Proposal to add top-level definitions (and replace package objects)

Wouldn’t top level statements run when the object representing the top level defs get imported, like how object initialization work at the moment?

Define “when imported”. It’s actually only when one of the val, var or defs (not other stuff) of the top-level of that file is accessed (not imported). That’s extremely surprising.

I believe @lihaoyi’s proposal based on wrapping *.sc is technically sound.

That said, I also think it’s heading in the wrong direction as far as language design goes. Yes, the syntax of top-level statements is accepted by different tools, but each such tool gives different semantics to them. Sometimes they inject special imports; sometimes they run stuff in a different way (e.g., worksheets associate results to individual statements; sbt builds interpret top-level terms as expressions and use the result of each such expression; Ammonite gives entirely custom semantics to special kinds of imports; etc.)

That would also give different top-level grammar goals based on an external factor, i.e., the file extension. ECMAScript went that route with Scripts and Modules, and the ecosystem still doesn’t know how to deal with that (see Node.js’ proposal to support ES modules, for example). I don’t think this is the way to go.


To relieve the existing tools from the non-standard syntax aspect, we could allow top-level statements in the syntactic grammar–perhaps going as far as typing them–but then reject them in a later phase of the standard compiler. Tools that want to do some magic with top-level statements can then hijack them after the regular parser (and typechecker), rather than each doing their own stuff.

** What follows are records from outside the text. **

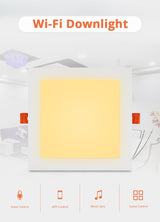 Benexmart Tuya WiFi 15w Led Smart Downlight RGBW Recessed Ceiling Light with Square Panel Alexa Google Home Voice Control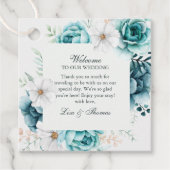 Blauwgroen en gebroken wit Wildflower Bruiloft Bedankjes Labels (Voorkant)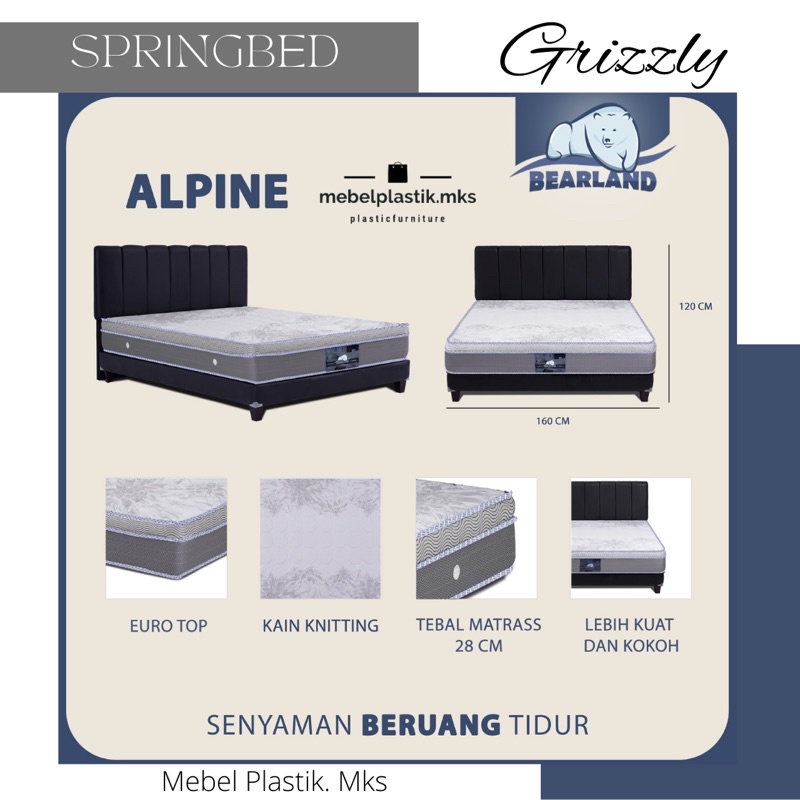 Kasur Ranjang Springbed Full Set Tempat Tidur Grizzly Olympic Tebal 28 cm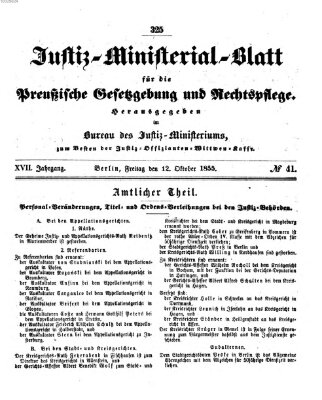 Justiz-Ministerialblatt für die preußische Gesetzgebung und Rechtspflege Freitag 12. Oktober 1855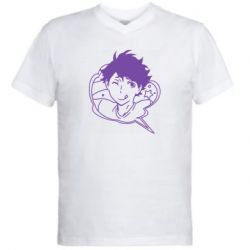 Мужская футболка  с V-образным вырезом Ойкава Тоору - PrintSalon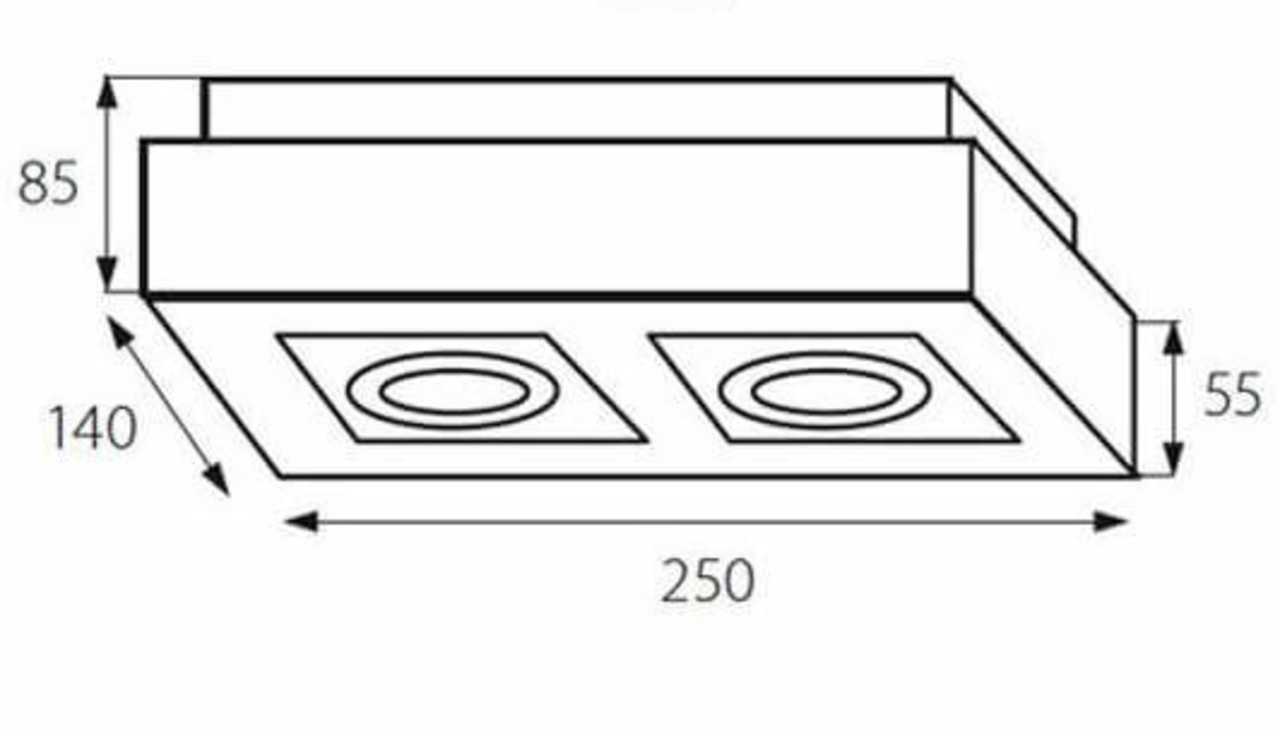 Kanlux LED GU10 plafondspot armatuur zwart - Dubbelvoudig voor 2 LED GU10 spots  - Excl. LED spots Kanlux LED GU10 plafondspot armatuur zwart - Dubbelvoudig voor 2 LED GU10 spots  - Excl. LED spots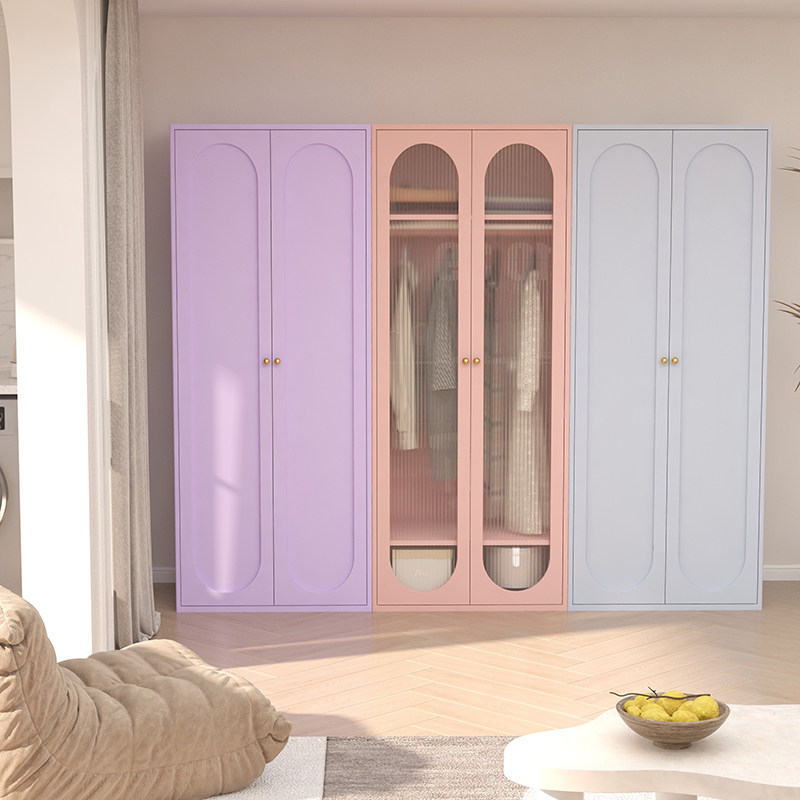 法式奶油风衣柜长虹玻璃钢制柜儿童储物柜家用卧室大容量储物衣柜,淘宝优惠券,粉丝福利购,淘宝优惠卷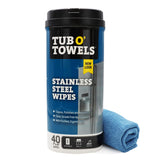 Tub O' Towels Heavy Duty Stainless Steel Cleaner Wipes, 40 Count, with 12x 12: Micro Fiber Cloth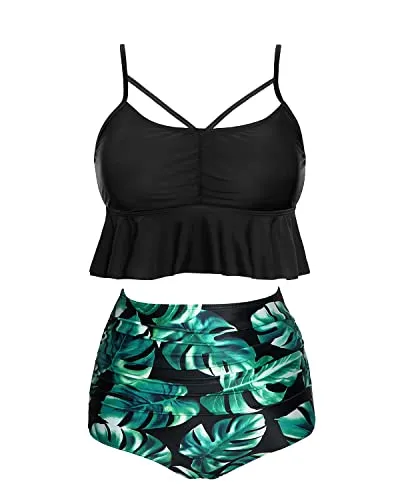 Retro Removable Cotton-Padded Bra High Waist Bikini Sets-Black Leaf
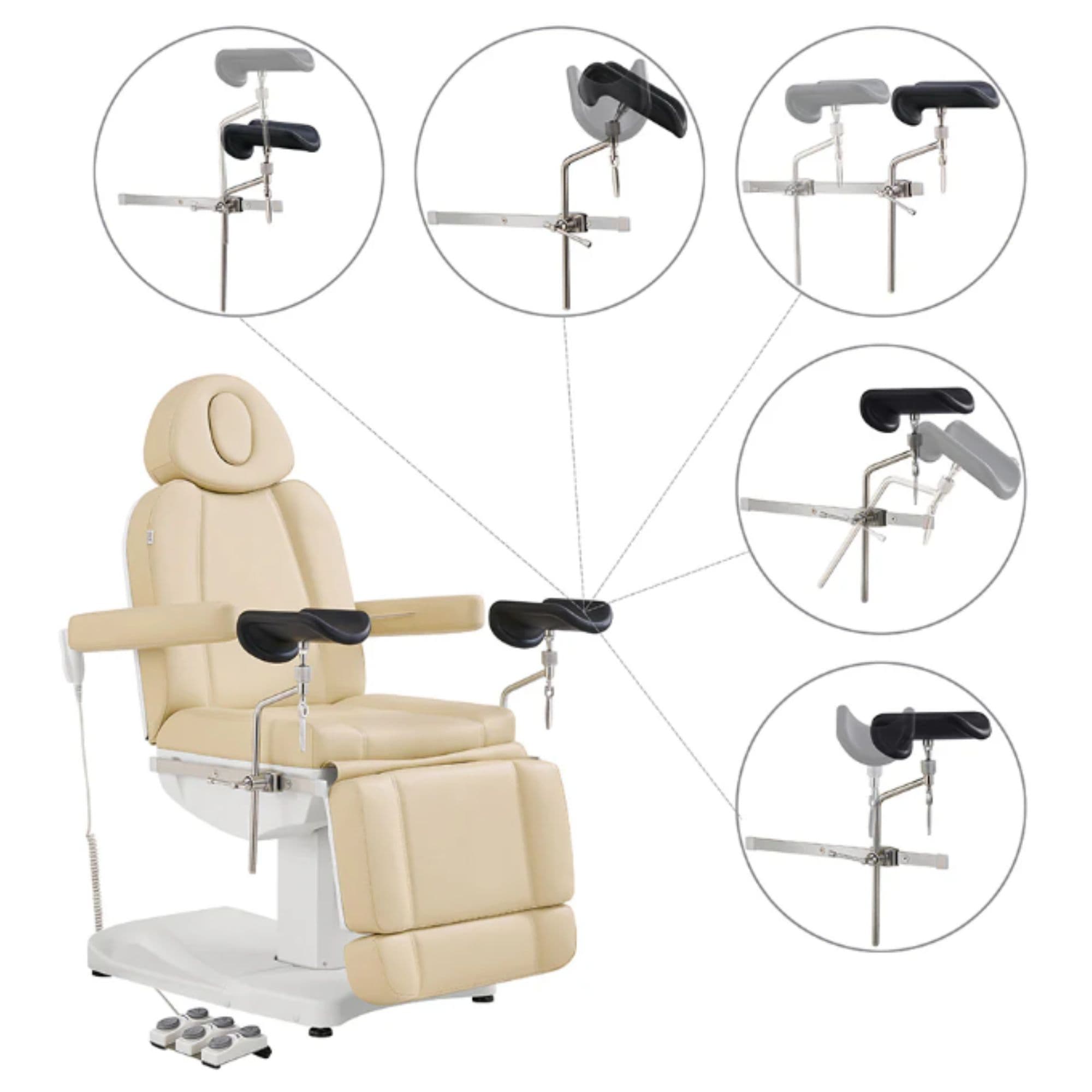 DIR Ink OB 3-Motors Gyno Chair with Stirrups Beige Front Angled View Showing Adjustable Stirrup Functions And Positions On White Background
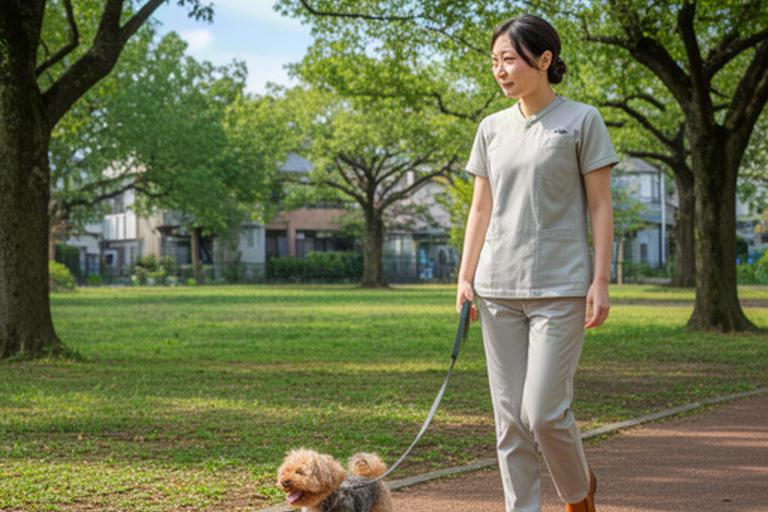 南小岩の近隣公園をスタッフと歩く犬の散歩風景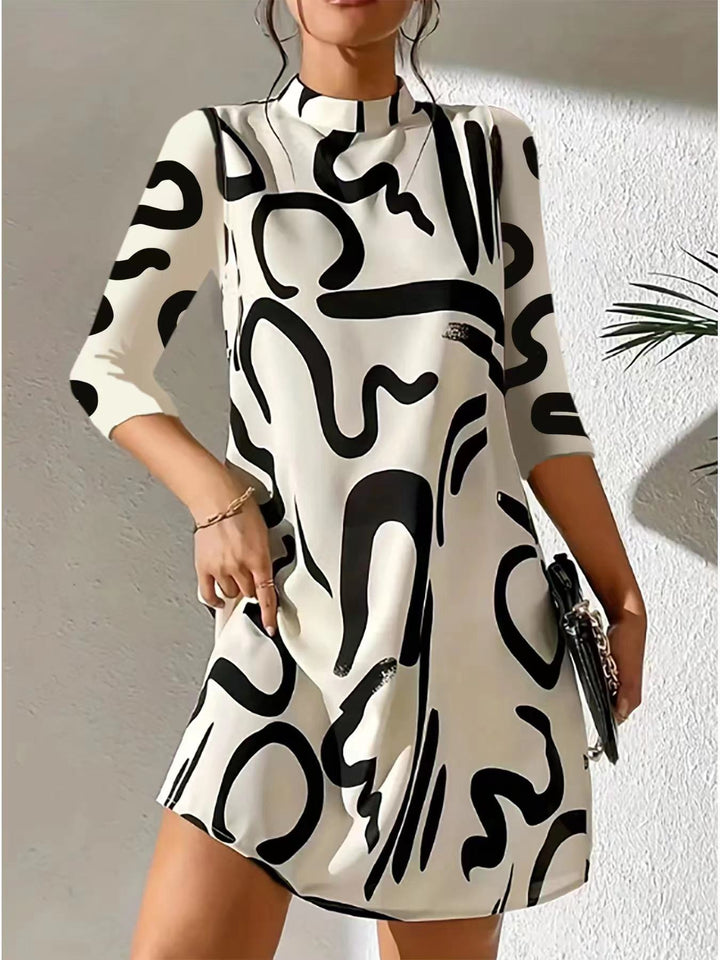 Nova | Women's Abstract Print Mock Neck Dress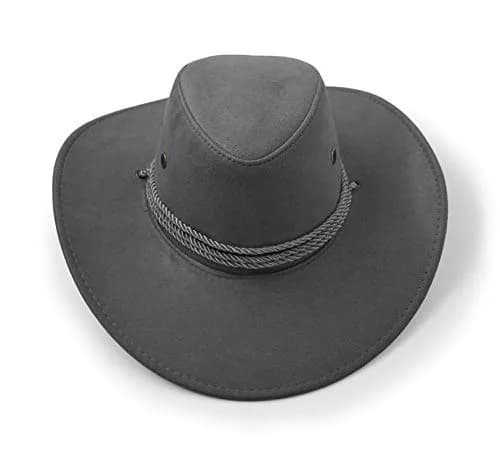 UltraKey Grey Cowboy Hat with Chin Strap & Breathable Eyelets | UPF 30+ Sun Protection thumbnail 6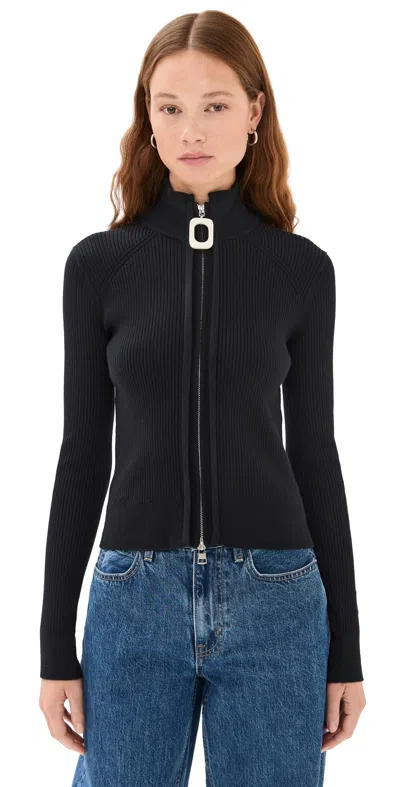 JW ANDERSON FITTED ZIP UP CARDIGAN BLACK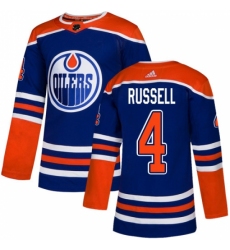 Men's Adidas Edmonton Oilers #4 Kris Russell Premier Royal Blue Alternate NHL Jersey
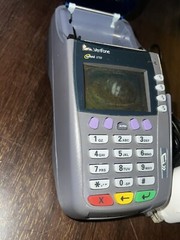 Verifone Omni 3750 Gray & Blue Wired Digital POS W/ Ethernet Cable + Paper Roll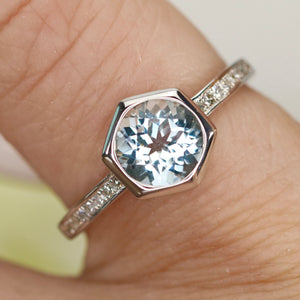 Aquamarine and diamond ring in 14k white gold by Effy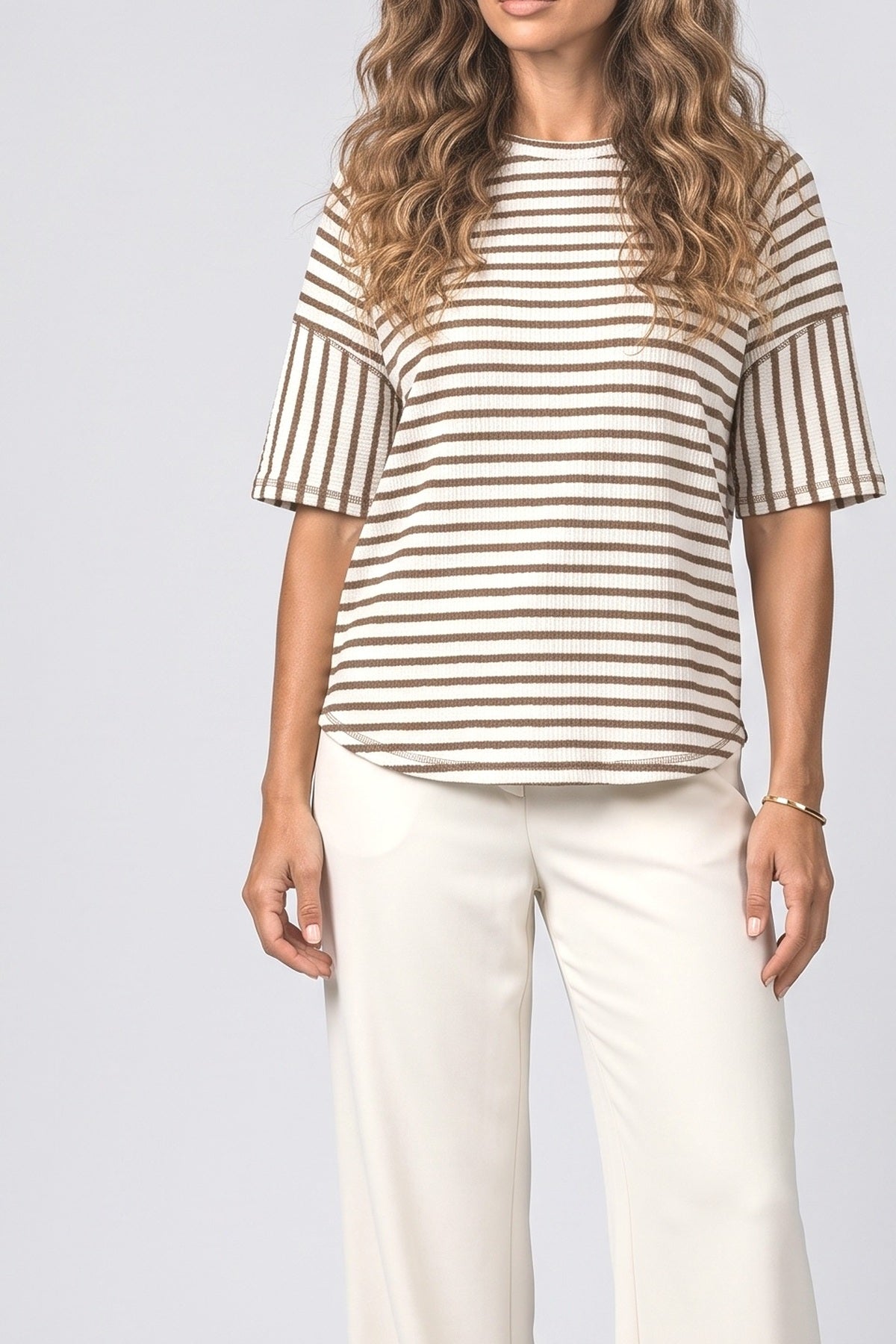 Striped T Shirt Women, fabric detail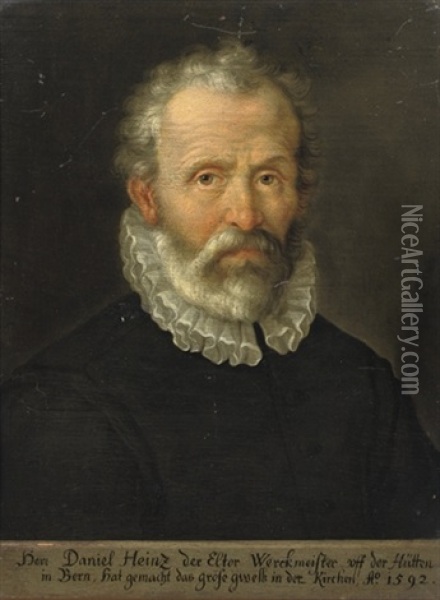 Portrait Of Daniel Heinz, Bust-length, In A Black Costume With A White Collar Oil Painting - Joseph Heintz the Elder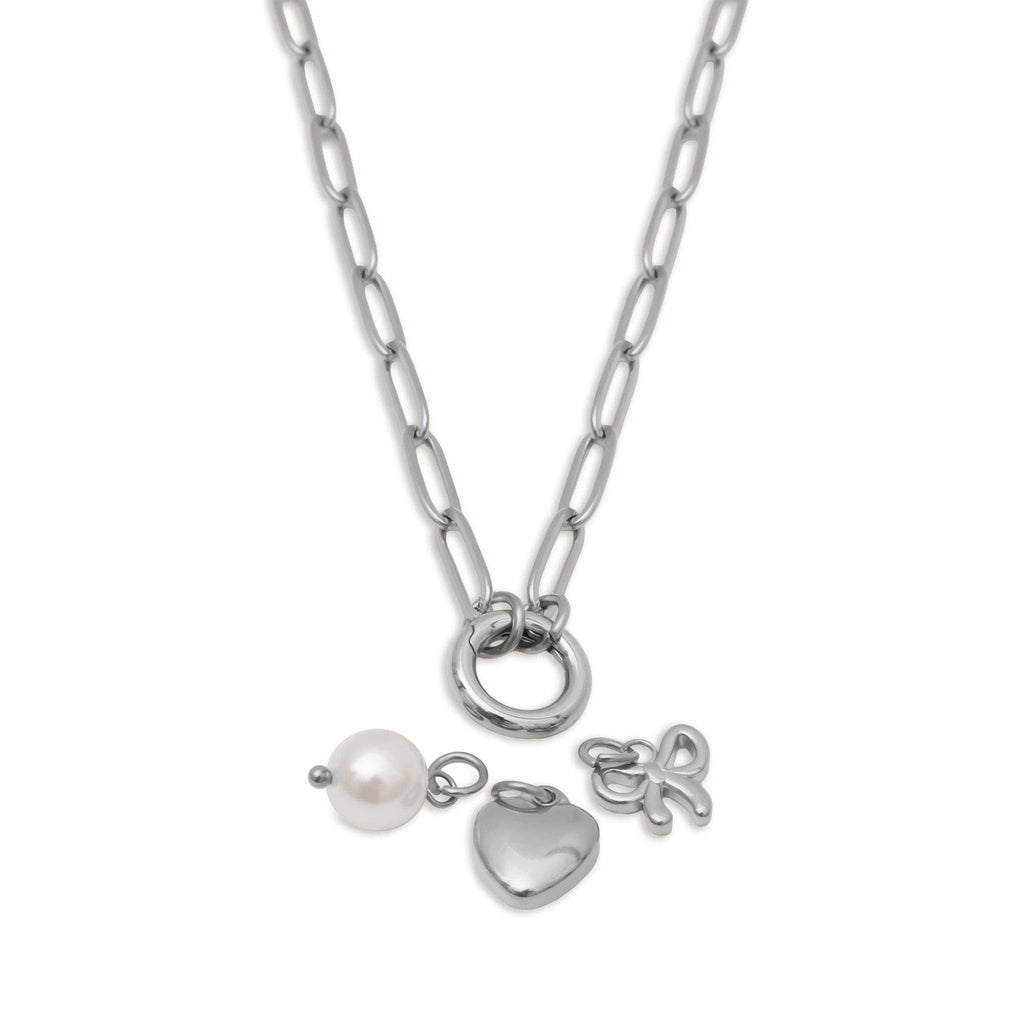 18K Gold Stainless Steel Bow Charm Holder Necklace Gift Set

But baking a main method concept with top-level statements in the standard compiler is not going to end any better, I believe. Many existing tools using top-level statements wouldn’t even be happy with that standard treatment.

2 Likes

I think this is a reasonable thing that everyone would agree on for now, in the context of top-level definitions: we preserve the current property of *.scala files that all top level declarations only take effect when referenced, and there are no file-level side effects that can kick in at unpredictable times.

Simplifying main methods, or converging on a *.sc syntax, is an orthogonal issue and can be discussed separately without getting in the way of top-level declarations.

2 Likes

IMHO, allowing println("Hi Mum") in a .scala file at top-level is a horror show waiting to happen. Now, you raise the issue of the semantics of the scripty scala form. There seem to be two issues here that I think are orthogonal:

  • default environment
  • evaluation semantics

The default environment issue I think can be addressed by either having specific extensions (e.g. .sbt, .am) or bundling them up into a standardised environment import e.g. import ammonite.environment, much like the language feature flags are. The mechanic through which this works is plumbing, and largely booring (e.g. it could be importing a scala.language.ScriptEnvironment instance with a well-named macro that injects the environment).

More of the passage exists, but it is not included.